Friday, April 2, 2010

Justified By Faithfulness (part 3)

This continued on in to Jesus’ day, with the Pharisees acting as the upholders and enforcers of these things. By then, the three basic covenant requirements of avoiding idolatry, keeping the Sabbaths, and reverencing the sanctuary, together with circumcision---with idolatry having been effectively dealt with and practically non-existent among the Jews---had morphed into the keeping of kosher laws, purity laws, and the keeping of Sabbath. These were the things that were looked to as the marks of God’s covenant, and that which delineated God’s covenant people. Without a doubt, we can insist that these things were being held to because of a belief in the power and promises of God, as they desperately hoped to achieve God’s promised blessings, according to His covenant. Collectively, these covenantal standards came to be known as the “works of the law.”

For the Jews in Jesus’ day, and quite obviously on in to Paul’s day since it was something with which he was still dealing, maintaining these marks of covenant status was important. It was what made them God’s covenant people. It was what demonstrated their righteousness, or their justification, or their right standing before God, as people of His covenant. Though justification was a crucial matter, Paul makes it clear, following from what he knew of the words of Jesus in which He made Himself the basis for justification, that even though “we are Jews by birth… we know that no one is justified by the works of the law” (Galatians 2:15a,16a). “No one,” Paul says, “not even the people to whom God gave strict covenant requirements at Sinai through Moses, has a positive covenant standing conferred upon them by being circumcised, keeping kosher laws, purity laws, and keeping Sabbath.” Paul himself would claim to have kept these things perfectly, but in futility, as he would come to realize that these things did nothing to secure justification.

Was covenant now irrelevant? Were covenant markers now of no value? Absolutely not! As we have already said, if one is justified, or is going to experience justification, then one must be adhering to the marks and requirements of the covenant that have been put in place by God Himself. The issue at hand, for Paul, as he addressed both his countrymen and his Gentile brothers in Christ, was that, just as had been done before, God had shifted the terms of His covenant. The new and final covenant marker had been put in place, though belief in the power of God and His faithfulness to fulfill the promises of the covenant were still going to be paramount. Now, unlike before, when the Levitical requirements concerning idolatry, sanctuary, and Sabbath did serve as the mark of belief in God and His covenant, and adherence did secure the promised blessings (with disobedience bringing cursing), “no one is justified by the works of the law but by the faithfulness of Jesus Christ” (2:16a). This faithfulness of Jesus Christ is most definitely the power of God, represented in Jesus Christ.

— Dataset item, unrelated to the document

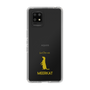 Slim Protection Case［ &UCHINOCO - Meerkat ］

We have to understand that the performance of the works of the law are somewhat distant from the idea of doing good works as a means of achieving God’s saving justification and thereby earning heaven. For the Jews, that simply was not an issue, and is actually foreign to the Jewish way of thinking. That is significant, because Jesus, Paul, and all of the disciples were first century Jews, living in the midst of second temple Judaism, under Roman domination, and therefore, still under God’s cursing, according to the law. The Jews were not looking to escape from this earth so as to enjoy a blissful existence apart from the world. That was the realms and hope of pagan religion. Rather, they were looking for the establishment of the kingdom of heaven on earth, when God would embody His messiah, and bring about the vindication, salvation, and deliverance of His covenant people, together with the restoration of all things and the physical resurrection of the righteous dead (those that died in positive covenant standing). This would occur through His setting up His kingdom, as Israel’s King, Who would be the King of all the earth, with all peoples coming to bow before Him, as was clearly pictured and pointed to throughout the Psalms and the writings of the Hebrew prophets.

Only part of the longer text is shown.